* _WHAT NEEDS TO BE DONE_:
For this exercise, repeat the listing below from its first line through the line containing "Hotel Hc Mollet Barcelona", exactly as written.

* _SOURCE RECORDS_:
------------------------------------------------
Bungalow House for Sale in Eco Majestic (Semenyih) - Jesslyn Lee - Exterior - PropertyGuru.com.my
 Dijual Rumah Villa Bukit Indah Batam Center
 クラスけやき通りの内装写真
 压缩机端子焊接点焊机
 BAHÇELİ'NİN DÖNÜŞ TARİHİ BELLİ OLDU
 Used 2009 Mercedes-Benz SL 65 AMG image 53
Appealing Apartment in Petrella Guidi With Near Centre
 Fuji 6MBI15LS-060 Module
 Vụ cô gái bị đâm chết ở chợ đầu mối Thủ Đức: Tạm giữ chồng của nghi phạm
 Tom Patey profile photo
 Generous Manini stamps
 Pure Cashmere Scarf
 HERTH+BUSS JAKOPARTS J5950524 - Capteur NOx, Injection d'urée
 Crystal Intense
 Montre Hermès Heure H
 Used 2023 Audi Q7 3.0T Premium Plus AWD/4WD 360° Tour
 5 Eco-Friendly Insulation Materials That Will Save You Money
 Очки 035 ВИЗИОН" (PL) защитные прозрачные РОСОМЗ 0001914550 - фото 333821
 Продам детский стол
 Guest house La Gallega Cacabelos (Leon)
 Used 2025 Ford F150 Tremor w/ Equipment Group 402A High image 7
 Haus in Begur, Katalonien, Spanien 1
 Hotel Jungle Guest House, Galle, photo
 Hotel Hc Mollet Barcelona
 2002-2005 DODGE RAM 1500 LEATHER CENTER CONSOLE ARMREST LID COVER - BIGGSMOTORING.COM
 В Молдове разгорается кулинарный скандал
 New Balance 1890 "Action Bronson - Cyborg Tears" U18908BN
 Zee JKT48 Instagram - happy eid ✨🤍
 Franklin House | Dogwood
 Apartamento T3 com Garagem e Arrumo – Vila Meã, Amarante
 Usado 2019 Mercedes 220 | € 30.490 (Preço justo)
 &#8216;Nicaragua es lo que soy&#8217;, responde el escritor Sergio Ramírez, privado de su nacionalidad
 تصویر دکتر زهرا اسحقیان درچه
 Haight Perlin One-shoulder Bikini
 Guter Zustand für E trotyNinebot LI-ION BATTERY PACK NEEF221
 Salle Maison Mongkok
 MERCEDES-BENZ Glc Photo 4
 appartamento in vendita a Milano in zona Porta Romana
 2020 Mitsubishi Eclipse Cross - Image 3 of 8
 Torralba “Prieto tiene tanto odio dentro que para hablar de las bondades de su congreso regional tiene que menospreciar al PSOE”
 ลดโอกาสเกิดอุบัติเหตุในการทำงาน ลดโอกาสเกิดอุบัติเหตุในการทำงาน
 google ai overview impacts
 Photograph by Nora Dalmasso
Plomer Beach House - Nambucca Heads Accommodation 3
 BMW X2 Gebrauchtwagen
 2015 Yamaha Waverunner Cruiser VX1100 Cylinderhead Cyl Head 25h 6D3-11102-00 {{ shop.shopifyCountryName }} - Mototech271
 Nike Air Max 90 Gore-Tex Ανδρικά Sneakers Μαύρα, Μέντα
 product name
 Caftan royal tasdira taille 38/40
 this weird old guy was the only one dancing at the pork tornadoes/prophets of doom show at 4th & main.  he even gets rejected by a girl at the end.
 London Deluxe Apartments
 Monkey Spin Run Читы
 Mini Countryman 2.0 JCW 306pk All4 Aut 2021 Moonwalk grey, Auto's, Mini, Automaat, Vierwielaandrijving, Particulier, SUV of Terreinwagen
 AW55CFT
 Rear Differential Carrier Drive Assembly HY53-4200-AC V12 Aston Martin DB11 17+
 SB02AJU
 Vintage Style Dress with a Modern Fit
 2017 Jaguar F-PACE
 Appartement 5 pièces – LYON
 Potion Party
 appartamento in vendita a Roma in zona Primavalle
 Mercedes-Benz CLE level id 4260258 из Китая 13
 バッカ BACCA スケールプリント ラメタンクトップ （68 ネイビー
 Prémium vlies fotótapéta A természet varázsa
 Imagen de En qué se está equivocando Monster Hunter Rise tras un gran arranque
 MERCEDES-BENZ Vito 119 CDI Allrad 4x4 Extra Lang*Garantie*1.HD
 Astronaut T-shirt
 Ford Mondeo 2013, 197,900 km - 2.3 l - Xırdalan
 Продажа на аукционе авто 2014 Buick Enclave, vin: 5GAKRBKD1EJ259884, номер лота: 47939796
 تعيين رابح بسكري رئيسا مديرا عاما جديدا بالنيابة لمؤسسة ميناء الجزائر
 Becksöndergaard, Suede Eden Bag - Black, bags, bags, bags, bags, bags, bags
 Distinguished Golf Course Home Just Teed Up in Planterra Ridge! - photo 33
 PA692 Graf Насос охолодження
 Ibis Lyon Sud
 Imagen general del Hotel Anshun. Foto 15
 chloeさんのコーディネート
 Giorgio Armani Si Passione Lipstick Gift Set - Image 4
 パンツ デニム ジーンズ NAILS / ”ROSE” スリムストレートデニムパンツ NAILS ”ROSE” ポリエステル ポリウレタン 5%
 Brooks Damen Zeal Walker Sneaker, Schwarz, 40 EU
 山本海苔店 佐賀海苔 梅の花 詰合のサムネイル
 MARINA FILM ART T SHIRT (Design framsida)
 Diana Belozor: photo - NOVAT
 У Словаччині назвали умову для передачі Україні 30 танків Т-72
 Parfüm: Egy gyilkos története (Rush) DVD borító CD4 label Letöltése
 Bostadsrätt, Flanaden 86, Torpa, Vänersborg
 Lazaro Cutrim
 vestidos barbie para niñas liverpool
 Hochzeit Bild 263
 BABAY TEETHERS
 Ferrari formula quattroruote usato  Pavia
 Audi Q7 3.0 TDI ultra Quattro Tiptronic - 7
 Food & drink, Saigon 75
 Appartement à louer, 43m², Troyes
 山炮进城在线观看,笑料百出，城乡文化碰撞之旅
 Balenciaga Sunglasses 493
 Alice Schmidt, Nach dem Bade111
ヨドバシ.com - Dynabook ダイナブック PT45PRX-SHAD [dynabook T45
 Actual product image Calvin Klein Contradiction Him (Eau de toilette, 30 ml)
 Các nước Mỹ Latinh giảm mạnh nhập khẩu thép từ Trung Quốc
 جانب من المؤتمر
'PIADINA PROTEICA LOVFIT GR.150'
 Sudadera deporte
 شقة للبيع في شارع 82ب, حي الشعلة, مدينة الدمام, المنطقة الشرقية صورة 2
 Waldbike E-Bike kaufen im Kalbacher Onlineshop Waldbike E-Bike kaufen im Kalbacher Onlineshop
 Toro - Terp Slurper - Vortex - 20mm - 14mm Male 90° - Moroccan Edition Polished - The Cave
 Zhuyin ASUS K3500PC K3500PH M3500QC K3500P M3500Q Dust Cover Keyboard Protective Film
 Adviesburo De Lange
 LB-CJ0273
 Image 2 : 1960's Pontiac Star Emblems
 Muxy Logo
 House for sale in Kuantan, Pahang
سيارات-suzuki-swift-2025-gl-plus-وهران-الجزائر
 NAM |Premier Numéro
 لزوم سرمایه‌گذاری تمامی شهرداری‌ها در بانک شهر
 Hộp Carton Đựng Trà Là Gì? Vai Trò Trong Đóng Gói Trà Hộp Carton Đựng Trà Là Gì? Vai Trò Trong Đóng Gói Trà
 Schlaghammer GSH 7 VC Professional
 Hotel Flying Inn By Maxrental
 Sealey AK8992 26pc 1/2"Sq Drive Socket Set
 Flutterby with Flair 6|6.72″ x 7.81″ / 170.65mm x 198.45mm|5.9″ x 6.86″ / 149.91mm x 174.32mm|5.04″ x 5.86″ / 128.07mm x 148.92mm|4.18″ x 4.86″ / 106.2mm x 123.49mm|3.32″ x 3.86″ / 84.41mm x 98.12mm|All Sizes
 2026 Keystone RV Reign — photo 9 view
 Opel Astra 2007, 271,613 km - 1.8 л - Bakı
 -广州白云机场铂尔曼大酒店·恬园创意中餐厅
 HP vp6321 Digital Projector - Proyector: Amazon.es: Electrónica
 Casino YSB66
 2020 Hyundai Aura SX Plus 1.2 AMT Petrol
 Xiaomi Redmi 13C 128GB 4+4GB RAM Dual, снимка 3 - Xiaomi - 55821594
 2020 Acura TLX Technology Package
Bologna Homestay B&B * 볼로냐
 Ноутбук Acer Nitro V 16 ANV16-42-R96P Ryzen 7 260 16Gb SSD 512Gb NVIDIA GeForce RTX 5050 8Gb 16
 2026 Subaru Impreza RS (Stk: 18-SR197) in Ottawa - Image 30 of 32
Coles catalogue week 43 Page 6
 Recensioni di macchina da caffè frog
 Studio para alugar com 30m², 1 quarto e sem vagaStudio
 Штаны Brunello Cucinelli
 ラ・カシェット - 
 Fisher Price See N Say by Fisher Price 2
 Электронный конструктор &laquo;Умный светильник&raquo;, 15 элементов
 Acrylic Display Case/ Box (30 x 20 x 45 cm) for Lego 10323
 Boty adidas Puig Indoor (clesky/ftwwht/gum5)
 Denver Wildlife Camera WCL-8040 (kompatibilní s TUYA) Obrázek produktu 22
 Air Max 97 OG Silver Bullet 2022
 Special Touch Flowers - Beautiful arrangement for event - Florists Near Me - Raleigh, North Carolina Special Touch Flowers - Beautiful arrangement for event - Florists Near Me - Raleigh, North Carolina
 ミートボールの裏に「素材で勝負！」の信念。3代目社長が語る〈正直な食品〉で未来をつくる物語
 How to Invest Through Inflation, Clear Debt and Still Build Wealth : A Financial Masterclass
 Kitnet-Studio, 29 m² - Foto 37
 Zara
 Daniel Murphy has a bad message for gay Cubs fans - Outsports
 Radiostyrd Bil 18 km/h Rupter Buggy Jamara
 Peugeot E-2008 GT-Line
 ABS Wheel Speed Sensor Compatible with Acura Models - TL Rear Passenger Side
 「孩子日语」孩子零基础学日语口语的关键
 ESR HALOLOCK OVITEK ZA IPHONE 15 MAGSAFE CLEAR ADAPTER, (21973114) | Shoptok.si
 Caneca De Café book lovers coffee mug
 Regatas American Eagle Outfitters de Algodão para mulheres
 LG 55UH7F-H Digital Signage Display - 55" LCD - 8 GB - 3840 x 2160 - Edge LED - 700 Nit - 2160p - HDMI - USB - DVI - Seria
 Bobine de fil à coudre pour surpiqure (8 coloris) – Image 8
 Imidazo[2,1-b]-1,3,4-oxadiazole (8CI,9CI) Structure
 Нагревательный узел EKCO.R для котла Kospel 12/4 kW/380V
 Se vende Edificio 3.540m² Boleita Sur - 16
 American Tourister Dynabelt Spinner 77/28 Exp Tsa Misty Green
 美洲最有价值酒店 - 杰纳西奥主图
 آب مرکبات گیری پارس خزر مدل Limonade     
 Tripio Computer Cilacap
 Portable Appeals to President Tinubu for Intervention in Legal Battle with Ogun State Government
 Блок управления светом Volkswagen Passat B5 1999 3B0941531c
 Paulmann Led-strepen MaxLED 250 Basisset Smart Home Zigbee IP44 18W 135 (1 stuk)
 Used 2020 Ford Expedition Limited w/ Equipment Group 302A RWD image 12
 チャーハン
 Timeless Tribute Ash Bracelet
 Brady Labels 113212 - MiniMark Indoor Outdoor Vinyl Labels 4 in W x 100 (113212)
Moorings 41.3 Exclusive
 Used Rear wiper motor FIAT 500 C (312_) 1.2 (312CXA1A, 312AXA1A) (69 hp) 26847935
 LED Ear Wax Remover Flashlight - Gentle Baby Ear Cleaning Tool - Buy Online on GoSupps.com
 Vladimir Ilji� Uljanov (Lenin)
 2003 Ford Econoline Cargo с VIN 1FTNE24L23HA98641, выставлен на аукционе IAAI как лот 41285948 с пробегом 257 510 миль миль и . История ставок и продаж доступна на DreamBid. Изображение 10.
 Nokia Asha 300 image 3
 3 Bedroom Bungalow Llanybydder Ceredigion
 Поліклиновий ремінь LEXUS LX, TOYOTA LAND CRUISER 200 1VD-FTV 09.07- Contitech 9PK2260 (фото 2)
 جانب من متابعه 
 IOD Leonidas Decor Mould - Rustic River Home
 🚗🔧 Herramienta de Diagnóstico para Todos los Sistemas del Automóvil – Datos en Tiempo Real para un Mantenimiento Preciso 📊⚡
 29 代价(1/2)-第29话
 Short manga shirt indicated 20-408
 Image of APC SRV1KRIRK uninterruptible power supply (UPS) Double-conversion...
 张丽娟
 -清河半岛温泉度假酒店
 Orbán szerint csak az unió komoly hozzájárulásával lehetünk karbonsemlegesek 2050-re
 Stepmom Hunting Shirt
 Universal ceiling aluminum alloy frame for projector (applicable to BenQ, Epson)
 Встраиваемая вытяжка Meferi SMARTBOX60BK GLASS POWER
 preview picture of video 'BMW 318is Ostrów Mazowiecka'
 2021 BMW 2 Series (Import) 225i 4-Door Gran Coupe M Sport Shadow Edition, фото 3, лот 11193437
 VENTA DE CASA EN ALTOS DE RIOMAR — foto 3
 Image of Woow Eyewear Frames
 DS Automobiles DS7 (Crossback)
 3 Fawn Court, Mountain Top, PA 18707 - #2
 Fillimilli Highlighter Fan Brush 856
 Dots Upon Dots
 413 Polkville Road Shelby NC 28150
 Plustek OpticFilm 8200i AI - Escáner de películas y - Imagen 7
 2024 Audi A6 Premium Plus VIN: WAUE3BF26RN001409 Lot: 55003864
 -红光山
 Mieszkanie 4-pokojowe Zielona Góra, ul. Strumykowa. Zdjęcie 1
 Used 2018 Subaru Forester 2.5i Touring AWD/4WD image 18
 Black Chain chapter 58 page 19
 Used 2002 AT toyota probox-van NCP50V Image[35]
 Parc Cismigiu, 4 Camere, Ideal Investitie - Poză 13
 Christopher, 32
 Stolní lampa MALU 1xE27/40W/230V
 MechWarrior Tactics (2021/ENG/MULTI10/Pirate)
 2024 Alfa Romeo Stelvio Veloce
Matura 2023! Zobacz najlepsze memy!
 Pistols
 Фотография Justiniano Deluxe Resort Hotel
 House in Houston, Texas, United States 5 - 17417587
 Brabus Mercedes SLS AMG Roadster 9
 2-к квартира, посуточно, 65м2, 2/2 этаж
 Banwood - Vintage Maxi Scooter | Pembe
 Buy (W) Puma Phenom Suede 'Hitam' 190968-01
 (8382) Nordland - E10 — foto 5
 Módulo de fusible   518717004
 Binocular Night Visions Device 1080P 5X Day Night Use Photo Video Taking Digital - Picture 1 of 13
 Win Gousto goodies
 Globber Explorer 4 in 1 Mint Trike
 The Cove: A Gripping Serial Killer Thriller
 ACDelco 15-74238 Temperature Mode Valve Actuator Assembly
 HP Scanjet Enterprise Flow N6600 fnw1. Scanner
------------------------------------------------
* _SOLUTION TO THIS PROBLEM_:
Bungalow House for Sale in Eco Majestic (Semenyih) - Jesslyn Lee - Exterior - PropertyGuru.com.my
 Dijual Rumah Villa Bukit Indah Batam Center
 クラスけやき通りの内装写真
 压缩机端子焊接点焊机
 BAHÇELİ'NİN DÖNÜŞ TARİHİ BELLİ OLDU
 Used 2009 Mercedes-Benz SL 65 AMG image 53
Appealing Apartment in Petrella Guidi With Near Centre
 Fuji 6MBI15LS-060 Module
 Vụ cô gái bị đâm chết ở chợ đầu mối Thủ Đức: Tạm giữ chồng của nghi phạm
 Tom Patey profile photo
 Generous Manini stamps
 Pure Cashmere Scarf
 HERTH+BUSS JAKOPARTS J5950524 - Capteur NOx, Injection d'urée
 Crystal Intense
 Montre Hermès Heure H
 Used 2023 Audi Q7 3.0T Premium Plus AWD/4WD 360° Tour
 5 Eco-Friendly Insulation Materials That Will Save You Money
 Очки 035 ВИЗИОН" (PL) защитные прозрачные РОСОМЗ 0001914550 - фото 333821
 Продам детский стол
 Guest house La Gallega Cacabelos (Leon)
 Used 2025 Ford F150 Tremor w/ Equipment Group 402A High image 7
 Haus in Begur, Katalonien, Spanien 1
 Hotel Jungle Guest House, Galle, photo
 Hotel Hc Mollet Barcelona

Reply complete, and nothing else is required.